In 1993, at the age of 20, Yurie Nagashima received the Urbanart award hosted by the Parco Gallery in Tokyo for a series of photographs which would define her artistic practice until today. In her series Kazoku, or Family, Nagashima photographed herself along with her parents and brother – all of whom are naked. At the time, Nagashima’s family photographs were celebrated for pushing the boundaries of socially and culturally constructed taboos as much as they were derided for being obscene.

A reading of a photograph of Nagashima and her father playing golf on an indoor putting green helps to identify some of the aspects which caused this polarized reception of her work.
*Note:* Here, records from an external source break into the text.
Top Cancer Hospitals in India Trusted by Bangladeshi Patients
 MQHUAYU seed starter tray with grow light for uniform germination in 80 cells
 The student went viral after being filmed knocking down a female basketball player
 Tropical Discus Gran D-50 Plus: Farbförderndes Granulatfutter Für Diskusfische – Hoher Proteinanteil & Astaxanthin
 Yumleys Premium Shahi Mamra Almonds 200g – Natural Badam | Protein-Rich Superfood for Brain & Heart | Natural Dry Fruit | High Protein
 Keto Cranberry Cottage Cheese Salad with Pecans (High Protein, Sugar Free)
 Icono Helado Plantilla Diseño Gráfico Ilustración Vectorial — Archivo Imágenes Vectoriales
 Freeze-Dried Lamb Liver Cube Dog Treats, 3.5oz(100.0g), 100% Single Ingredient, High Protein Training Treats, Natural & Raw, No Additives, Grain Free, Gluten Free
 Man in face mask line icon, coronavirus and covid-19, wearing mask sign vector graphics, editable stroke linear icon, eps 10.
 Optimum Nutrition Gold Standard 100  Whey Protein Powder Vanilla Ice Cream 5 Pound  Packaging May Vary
As her father is concentrating on hitting the ball, Nagashima looks straight into the camera, her legs and body are positioned like a player reading the green on an actual golf course. Instead of concentrating in her father’s game, Nagashima looks at the camera, and by extension, at the viewer in order to underline that this exchange of gazes is one of the main subjects in this photograph. In other words, the image is not about playing golf, but it’s about looking and being looked at. Here I am primarily referring to an exchange of gazes between Nagashima and the spectator of the photograph. Indeed, this is a characteristic that runs throughout most of the photographs in the Kazoku series, Nagashima looks dispassionately at the viewer, almost as if to gage his or her reaction. Yet the golf photograph stands out because a third gaze, the father’s gaze, adds to the complexity of the image. The taboo that Nagashima addresses in this work is not the spectator seeing her naked, but rather, the possibility of her being seen naked by members of her family.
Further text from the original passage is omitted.